Besides, we Kapampangans are really quite into the habit of exercising our bragging rights at the drop of a hat.

And every time we make a boast, we can expect non-Kapampangans to raise an objection. We're always claiming, they say, to be the first, the most, the best and the greatest.

I'm tempted to say, "But aren't we?" but that's precisely the kind of Kapampangan conceit that puts us in trouble.

Actually, it's not conceit -- it's pride. Actually, it's not pride --it's siege mentality.

Kapampangans feel under attack all the time, imagining themselves surrounded by things that threaten their very existence.

For example, when you look at Pampanga on the map, you really wonder how this small province could have evolved its own unique language and culture, and how it manages to hang in there. Scholars call us a "linguistic island" because we stay afloat in a sea of Tagalogs, Ilocanos, Zambals and Pangasinenses.

Our proximity to Tagalog-speaking Manila is another problem because this mega-city eclipses, overwhelms and absorbs everything that comes near it. Pretty soon we will all stop speaking Kapampangan and we will have no more reason to call ourselves Kapampangan.

That's a quite stressful prospect. And so to reassure ourselves, we make a lot of noise about being the first, the most, the best, and the greatest, which the others should not mind because it's just our way of saying, We have accomplished so much as a people so we should not disappear from the face of this planet!

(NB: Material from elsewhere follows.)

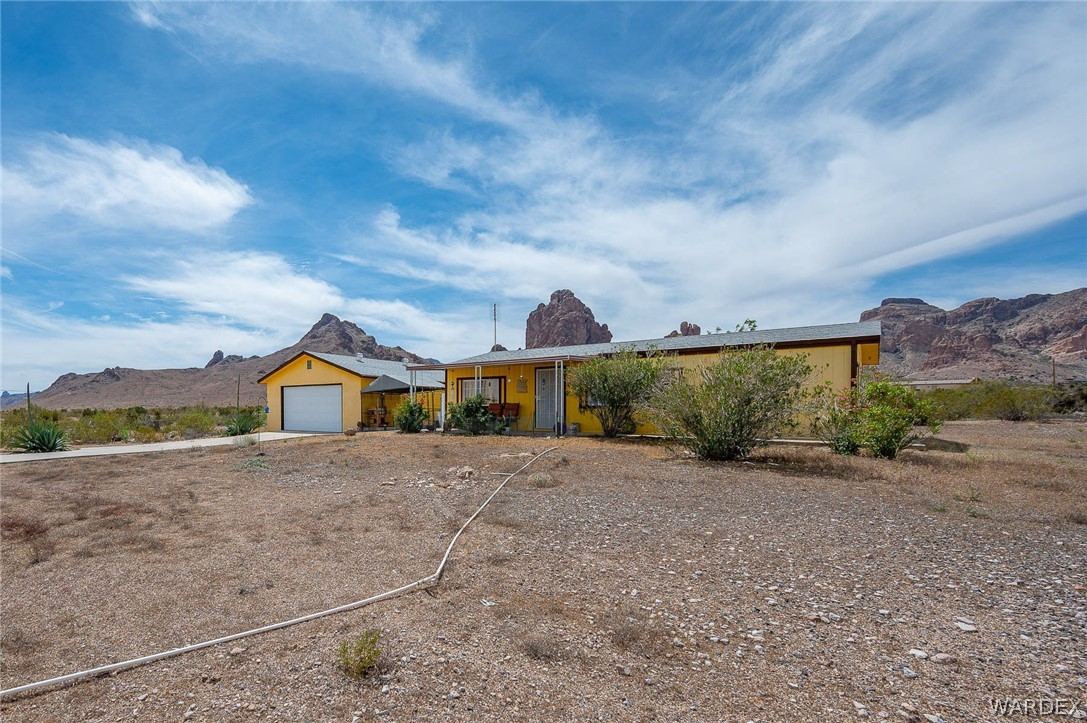 2465 Egar Road Golden Valley, AZ 86413 - Photo 71 of 98 The property features a yellow exterior and an attached garage with a white door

This siege mentality that's making us toot our own horns today is probably the same siege mentality that motivated our Kapampangan ancestors to overachieve and become the country's first priests, nuns, Jesuits, woman authors, doctors, etc. and write the country's longest literary work, first vernacular zarzuela, English novel, etc.

And because we excelled more than the others, we became the colonizers' favored Indios-which of course gave us a reason to brag and the others a reason to hate us.

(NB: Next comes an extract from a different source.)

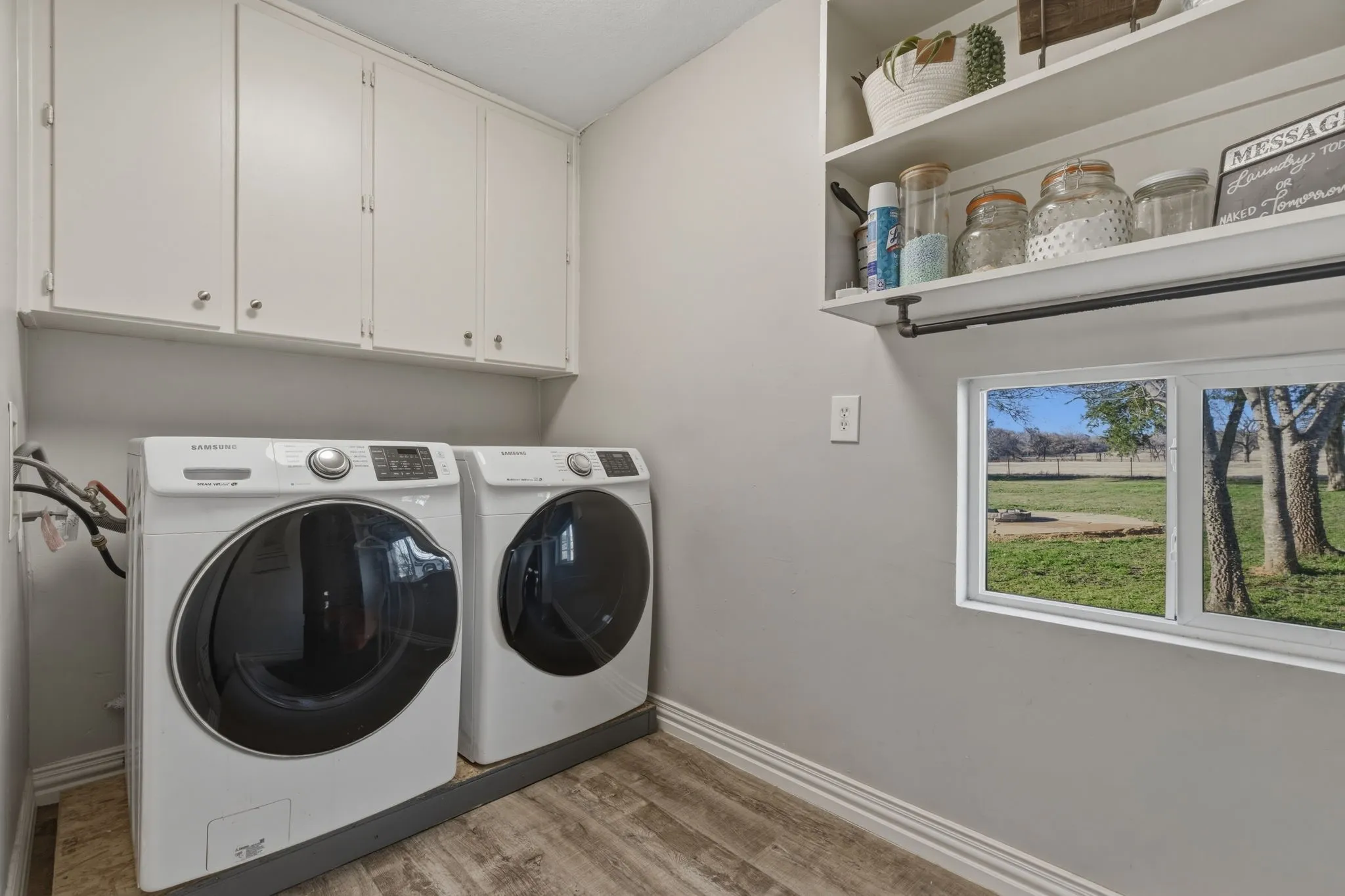 Laundry room with light wood-style flooring, washer and clothes dryer, and cabinet space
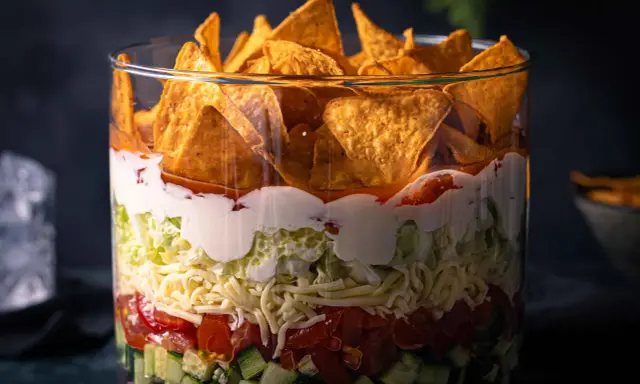 Schichtsalat im Glas: knackiger Salat, Tomaten, Käse, saure Sahne und Tortilla-Chips. Ein leckerer nacho salat.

The Spanish missionary Fray Diego Bergaño, who wrote a Kapampangan grammar in 1729 and a Kapampangan dictionary in 1732 (both translated into English and published by the Center for Kapampangan Studies), observed that Kapampangans considered themselves already a nation, not just a tribe, and were quite proud of it, too, even in those days.

He said Kapampangans often told each other, "Misangdaya ca ta" and "Cadaya da ca," which literally mean "We share the same blood," but what they also meant, Bergaño said, was "We are of one nation" and "You are my countryman."

"You are proud," he added, "pablasang daya cang Capampangan." Bergaño himself translated the last part as "because you belong to the Pampango nation."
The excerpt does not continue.